Der Steuerzahler zahlt drauf
Rund zehn Milliarden Euro kostet die Ausrichtung der Olympischen Spiele in Rio. Der Streit um die Kosten betrifft nicht die Summe insgesamt, sondern die Aufteilung in private und öffentliche Mittel. Nach offiziellen Angaben wird die Mehrheit der Kosten, 57 Prozent, von privaten Investoren getragen werden.

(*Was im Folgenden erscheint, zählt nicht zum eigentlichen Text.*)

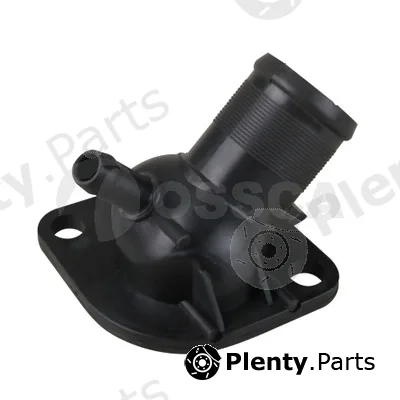 Ossca 60725 — Coolant Flange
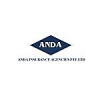 Anda Insurance Agencies Pte Ltd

Die Kritiker vom Volkskomitee WM und Olympia machen eine andere Rechnung auf. Ihren Kalkulationen zufolge ist die öffentliche Hand mit 63 Prozent beteiligt, aus privaten Kassen stammen hingegen nur 37 Prozent. Das IOC, so die Kritik, hätte Steuererleichterungen und Gegenleistungen bei öffentlich-privaten Partnerschaften in ihren Rechnungen nicht berücksichtigt.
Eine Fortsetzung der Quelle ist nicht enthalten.